Top of SOURCE MATERIAL

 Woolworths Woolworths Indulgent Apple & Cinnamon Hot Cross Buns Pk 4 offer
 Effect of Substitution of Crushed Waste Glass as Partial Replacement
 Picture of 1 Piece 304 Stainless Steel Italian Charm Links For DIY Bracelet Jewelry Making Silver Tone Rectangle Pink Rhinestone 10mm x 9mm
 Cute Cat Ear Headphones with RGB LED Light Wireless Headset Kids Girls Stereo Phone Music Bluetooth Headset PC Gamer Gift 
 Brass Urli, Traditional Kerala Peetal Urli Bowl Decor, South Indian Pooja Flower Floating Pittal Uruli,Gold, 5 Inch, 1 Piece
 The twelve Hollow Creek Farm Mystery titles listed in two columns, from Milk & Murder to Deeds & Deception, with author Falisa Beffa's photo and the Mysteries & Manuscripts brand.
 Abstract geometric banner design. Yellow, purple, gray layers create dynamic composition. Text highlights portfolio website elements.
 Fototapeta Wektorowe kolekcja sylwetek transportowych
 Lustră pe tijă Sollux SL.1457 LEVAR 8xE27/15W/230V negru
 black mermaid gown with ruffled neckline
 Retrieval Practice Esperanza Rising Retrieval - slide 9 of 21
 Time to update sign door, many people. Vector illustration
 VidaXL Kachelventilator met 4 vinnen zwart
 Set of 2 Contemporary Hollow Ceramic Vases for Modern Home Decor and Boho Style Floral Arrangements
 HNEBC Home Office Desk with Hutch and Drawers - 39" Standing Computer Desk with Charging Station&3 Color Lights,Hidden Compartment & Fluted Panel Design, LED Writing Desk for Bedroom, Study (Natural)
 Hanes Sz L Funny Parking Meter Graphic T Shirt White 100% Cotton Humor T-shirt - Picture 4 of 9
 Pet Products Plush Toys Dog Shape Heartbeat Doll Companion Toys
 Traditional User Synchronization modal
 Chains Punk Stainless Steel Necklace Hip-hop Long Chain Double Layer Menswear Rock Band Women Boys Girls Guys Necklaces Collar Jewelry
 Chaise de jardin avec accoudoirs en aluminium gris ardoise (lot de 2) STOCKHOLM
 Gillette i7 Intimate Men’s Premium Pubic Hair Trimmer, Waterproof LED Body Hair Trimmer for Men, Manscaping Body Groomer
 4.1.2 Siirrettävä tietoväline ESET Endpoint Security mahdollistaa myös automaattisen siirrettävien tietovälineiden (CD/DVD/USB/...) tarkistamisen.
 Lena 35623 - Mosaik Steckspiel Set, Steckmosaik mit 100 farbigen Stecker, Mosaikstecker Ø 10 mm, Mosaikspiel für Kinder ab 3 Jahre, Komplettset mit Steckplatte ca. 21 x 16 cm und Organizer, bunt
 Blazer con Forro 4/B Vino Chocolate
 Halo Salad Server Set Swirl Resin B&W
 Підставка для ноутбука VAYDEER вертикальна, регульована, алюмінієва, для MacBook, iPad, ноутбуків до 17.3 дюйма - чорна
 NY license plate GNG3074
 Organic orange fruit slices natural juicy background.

Bottom of SOURCE MATERIAL

• [EXERCISE REQUIREMENTS]:
Retype exactly the lines above, from the one with "Cute Cat Ear" through the one with "Abstract geometric banner", inclusive.

• [OUTPUT FOR THIS TASK]:
 Cute Cat Ear Headphones with RGB LED Light Wireless Headset Kids Girls Stereo Phone Music Bluetooth Headset PC Gamer Gift 
 Brass Urli, Traditional Kerala Peetal Urli Bowl Decor, South Indian Pooja Flower Floating Pittal Uruli,Gold, 5 Inch, 1 Piece
 The twelve Hollow Creek Farm Mystery titles listed in two columns, from Milk & Murder to Deeds & Deception, with author Falisa Beffa's photo and the Mysteries & Manuscripts brand.
 Abstract geometric banner design. Yellow, purple, gray layers create dynamic composition. Text highlights portfolio website elements.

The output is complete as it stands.